Em 05 de junho de 2022, Mariana entrou em um restaurante estilo “self-service” e apoiou sua bolsa em uma cadeira. Enquanto conversava distraidamente com seu marido, José, Mariana esqueceu sua bolsa aberta. Diogo, outro cliente que estava no estabelecimento, terminou o almoço, levantou-se de onde estava sentado e foi em direção ao caixa para efetuar o pagamento da conta. Nesse momento, Diogo percebeu a bolsa de Mariana aberta e, sorrateiramente, pegou o aparelho celular dela. Logo em seguida, Mariana e José deram falta do aparelho e iniciaram a procura no local, tendo José visto Diogo na fila do caixa com o celular de Mariana. Imediatamente, José interpelou Diogo e restou comprovado que se tratava realmente do celular de Mariana. De acordo com jurisprudência consolidada dos Tribunais Superiores, em relação à conduta de Diogo, pode-se afirmar que
- A)praticou o crime de roubo consumado, previsto no art. 157, caput, do CP.
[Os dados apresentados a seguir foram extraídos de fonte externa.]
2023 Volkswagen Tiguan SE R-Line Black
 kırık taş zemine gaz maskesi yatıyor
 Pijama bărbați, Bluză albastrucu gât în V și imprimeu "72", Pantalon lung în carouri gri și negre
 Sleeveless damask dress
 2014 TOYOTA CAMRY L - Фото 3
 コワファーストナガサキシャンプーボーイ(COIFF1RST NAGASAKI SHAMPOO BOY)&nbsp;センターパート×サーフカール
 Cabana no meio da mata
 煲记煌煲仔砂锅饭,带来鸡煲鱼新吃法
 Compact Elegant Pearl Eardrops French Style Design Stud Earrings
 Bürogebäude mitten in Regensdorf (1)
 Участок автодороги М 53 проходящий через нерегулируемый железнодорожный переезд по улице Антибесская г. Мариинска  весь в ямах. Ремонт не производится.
Errada, porque não houve violência nem grave ameaça, elementos indispensáveis ao roubo do art. 157 do CP.
- B)praticou o crime de furto, na sua forma tentada, previsto no art. 155, caput, c/c art. 14, II, ambos do CP.
Errada, porque o agente conseguiu subtrair o bem e chegou a exercer posse sobre ele, ainda que por pouco tempo, o que afasta a tentativa.
- C)praticou o crime de roubo, na sua forma tentada, previsto no art. 157, caput c/c art. 14, II, ambos do CP.
Errada, porque a ausência de violência ou grave ameaça impede a tipificação do roubo, consumado ou tentado.
- D)praticou o crime de furto consumado, previsto no art. 155, caput, do CP.
Certa, pois houve subtração de coisa alheia móvel com inversão da posse, suficiente para a consumação do furto.
- E)praticou o crime de apropriação indébita, previsto no art. 168, caput, do CP.
Errada, porque apropriação indébita exige posse ou detenção lícita prévia, o que não ocorreu aqui.
Gabarito: D
Aqui o ponto principal é distinguir furto de roubo e, dentro do furto, saber quando ele se consuma. No furto, o crime se consuma quando o agente retira a coisa da esfera de vigilância da vítima e passa a ter a posse da res furtiva, ainda que por pouco tempo e mesmo que seja logo perseguido ou flagrado. A jurisprudência consolidada do STJ e do STF adota a chamada teoria da inversão da posse: bastou o agente ter a posse tranquila, ainda que breve, para haver consumação. No caso, Diogo percebeu o celular na bolsa aberta, pegou o aparelho e foi em direção ao caixa com ele, já fora da esfera de vigilância imediata de Mariana. O fato de José tê-lo abordado logo em seguida não transforma o episódio em tentativa. A recuperação imediata do bem não apaga a consumação do furto. Também não há roubo, porque o enunciado não traz violência ou grave ameaça. Diogo agiu sorrateiramente, o que é a cara do furto. E não se trata de apropriação indébita, pois ele não recebeu a coisa licitamente para depois se apropriar dela; ele subtraiu o bem desde o início. Por isso, o gabarito correto é a letra D: furto consumado, previsto no art. 155, caput, do Código Penal.